Буржуазные националисты пытаются обманывать народ сказками о «самостийности», о «национальном единодушии», о мифической «самобытности» Украины, для которой якобы чужды и неприемлемы «идеи северного соседа» (так разглагольствуют, скажем, на заседании славгородского Совета эсер Гудзий, именующий себя представителем «революционной демократии»). Но это слова для наивных, для пустой и лживой пропаганды, а на деле они уже ищут себе достаточно сильных «покровителей» среди империалистов на Западе, потому что знают: на Украине, как и во всей России, класс встал против класса. И владеют умами рабочих, умами беднейших крестьян не они, а большевики — понятные и близкие массам, страшные и ненавистные для всех, кто привык сидеть на горбу народном.

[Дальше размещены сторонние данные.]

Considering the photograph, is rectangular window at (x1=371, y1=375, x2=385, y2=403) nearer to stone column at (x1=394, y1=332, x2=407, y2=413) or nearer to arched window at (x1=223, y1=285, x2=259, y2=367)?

Грозной демонстрацией отвечает рабочий Славгород на подлое убийство коммуниста Тесленко озверелыми гайдамаками. Незнакомые артиллеристы из проезжающей через Славгород части дружно помогают Артему освободить арестованного петлюровцами большевика Кузнецова. А в селе, рассказывает рядовой крестьянин Мусий Скоряк, про «этот декрет ленинский (о земле. — Л. Н.) только и разговоров». И деревенский труженик возмущается тем, что буржуазные националисты, выдумав «самостийную» Украину, пытаются не допустить его осуществление: «Да вот диво: почему он, этот декрет, для нас силы не имеет? Как будто бы мы в другом государстве живем». И не только ветераны девятьсот пятого года, подобные старому Прокопу Невкипелому, который, отбыв двенадцать лет каторги, говорит своему другу, что он за все ту же партию, что и раньше: «Бей буржуев вдрызг, за бедноту всемирную», — но и большинство недавних фронтовиков в Ветровой Балке заодно с большевиком Артемом: под его руководством они создают отряд Красной гвардии, выгоняют из села «вольных казаков», а с приходом кайзеровских оккупантов с оружием в руках уходят в леса, становятся партизанами.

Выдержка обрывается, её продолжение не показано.